In-house counsel should be able to answer these questions about his or her organization’s legal and business cybersecurity risk profile
BY DAVID FAGAN, JAMES GARLAND, KURT WIMMER
FEBRUARY 19, 2015
In the wake of the much publicized North Korean cyber-attacks against Sony — as well as recent favorable rulings for the plaintiffs in class action lawsuits pending against Target — cybersecurity is at the forefront of many corporate boards’ and general counsels’ agendas for the coming year. The focus is only likely to increase in light of the legislative proposals recently announced by President Obama and featured in his State of the Union address. Here are five foundational questions that every in-house counsel should understand when evaluating his or her organization’s legal and business cybersecurity risk profile:
1. What actions has your company taken to reduce the likelihood and impact of potential cyber intrusions?

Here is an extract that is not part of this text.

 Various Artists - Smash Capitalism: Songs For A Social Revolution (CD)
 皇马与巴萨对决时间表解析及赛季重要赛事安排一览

Many companies implement controls that focus on protecting their networks and systems against incursions by external attackers, but they have less developed approaches to security once an attacker gets into the network. Such an approach may not adequately safeguard the “crown jewels” of a company’s enterprise, including valuable trade secrets, sensitive personal information, financial information, business plans and health records. Indeed, given the multiple potential sources for compromise, a more comprehensive approach that develops heightened security controls around the most sensitive data and assets is essential to reduce the risk to the organization.
This is important not only for managing the business risks associated with cybersecurity, but also reducing exposure to legal risks; business partners, regulators and other finders of fact may all increasingly consider such a defense-in-depth approach to security a necessary and reasonable standard of care. In turn, counsel can play an important role in working with internal IT and security experts and other critical business functions to develop an appropriate data classification approach and ensure that the most sensitive data and assets receive heightened protection.
2. Has your company established and tested an incident response plan?
A critical aspect of minimizing the costs of potential incidents is preparing for them in advance. This requires the development and maintenance of a written incident response plan as part of an overall information security program and testing the plan through simulations, including table top exercises that bring together key officers from that multiple functions and disciplines that are relevant to breach response (e.g., CIO/IT, security, legal, finance, HR, business units, etc.). Such a plan ultimately will not be a precise script for when an incident occurs, but it will help ensure that the right team and procedures have been identified in advance.
This is important not only to help expedite a response, but also to address regulatory risks and ensure that the company can be prepared to preserve applicable legal privileges in the event of a breach. If a breach becomes subject to regulatory scrutiny, the company will need to demonstrate that it had a reasonable plan in place to address incidents and made a good faith effort to follow that plan.